We have seen various cycles involved in the instruction cycle. These fetch, decode and execute cycles for several instructions are performed simultaneously to reduce overall processing time. This process is referred to as instruction pipelining.
Pipelining
AU: May-07,12,13,15,16,17,19,
Dec.-06,08,09,14,15,16,18, June-08,09
• We have seen various cycles involved in
the instruction cycle. These fetch, decode and execute cycles for several
instructions are performed simultaneously to reduce overall processing time.
This process is referred to as instruction pipelining.

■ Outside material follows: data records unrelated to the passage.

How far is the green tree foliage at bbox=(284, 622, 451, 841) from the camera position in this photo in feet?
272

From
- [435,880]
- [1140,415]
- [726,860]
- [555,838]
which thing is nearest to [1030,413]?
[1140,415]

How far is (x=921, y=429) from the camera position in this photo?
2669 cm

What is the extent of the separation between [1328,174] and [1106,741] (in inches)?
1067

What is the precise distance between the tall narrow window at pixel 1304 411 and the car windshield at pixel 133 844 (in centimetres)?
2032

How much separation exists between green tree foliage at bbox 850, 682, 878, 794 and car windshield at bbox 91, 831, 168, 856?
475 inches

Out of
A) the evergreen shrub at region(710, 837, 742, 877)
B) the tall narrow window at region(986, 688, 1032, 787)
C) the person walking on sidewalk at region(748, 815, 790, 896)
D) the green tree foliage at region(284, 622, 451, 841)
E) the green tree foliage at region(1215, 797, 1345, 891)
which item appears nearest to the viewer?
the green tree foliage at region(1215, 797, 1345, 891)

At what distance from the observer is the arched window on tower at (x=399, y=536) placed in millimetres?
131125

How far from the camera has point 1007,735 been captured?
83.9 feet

• To apply the concept of instruction
pipelining, we must subdivide instruction processing in number of stages as
given below.
S1 - Fetch (F): Read
instruction from the memory.
S2 - Decode (D): Decode the
opcode and fetch source operand (s) if necessary.
S3 - Execute (E): Perform the
operation specified by the instruction.
S4 - Store (S): Store the
result in the destination.
• Here, instruction processing is divided
into four stages hence it is known as four-stage instruction pipeline. With
this subdivision and assuming equal duration for each stage we can reduce the
execution time for 4 instructions from 16 time units to 7 time units. This is
illustrated in Fig. 7.8.1.
• In this instruction pipelining four
instructions are in progress at any given time. This means that four distinct
hardware units are needed, as shown in Fig. 7.8.2. These units are implemented
such that they are capable of performing their tasks simultaneously and without
interfering with one another. Information from the stage is passed to the next
stage with the help of buffers.
Example 7.8.1 Explain the function of a six segment pipeline and draw a space diagram for a six segment pipeline showing the time it takes to process eight tasks. AU May-07, Marks 8
Solution: Six stages in the pipeline :
1) Fetch Instruction (FI):
Read the next expected instruction into a buffer.

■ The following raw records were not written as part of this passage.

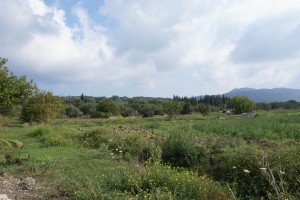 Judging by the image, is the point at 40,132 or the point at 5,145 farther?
the point at 40,132

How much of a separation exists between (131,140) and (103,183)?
5542 mm

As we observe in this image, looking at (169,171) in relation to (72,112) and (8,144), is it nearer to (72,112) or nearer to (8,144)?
(8,144)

2) Decode Instruction (DI):
Determine the opcode and the operand specifiers.
3) Calculate Operands (CO):
Calculate the effective address of each source operand.
4) Fetch Operands (FO):
Fetch each operand from memory.
5) Execute Instruction (EI):
Perform the indicated operation and store the result, if any in the specified
destination operand location.
6) Write Operand (WO):
Store the result in memory.
Example 7.8.2
What is the ideal speed-up expected in a pipelined architecture with 'n'
stages? Justify your answer. AU May-07, Marks 2
Solution:
The pipelined processor ideally completes the processing of one instruction in
each clock cycle, which means that the rate of instruction processing with n
stage pipeline is n times that of sequential operation. Therefore, ideal
speed-up factor is n. However, such ideal performance of the pipeline is
achieved only when pipeline stages must complete their processing tasks for a
given instruction in the time allotted. Unfortunately, this is not the case;
pipeline operations could not sustained without interruption throughout the
program execution.
1. Fetch instruction from memory.
2. Read registers while decoding the
instruction. The regular format of MIPS instructions allows reading and
decoding to occur simultaneously.
3. Execute the operation or calculate an
address.
4. Access an operand in data memory.
5. Write the result into a register.
• From the following points we can
realized that the MIPS instruction set is designed for pipelined execution.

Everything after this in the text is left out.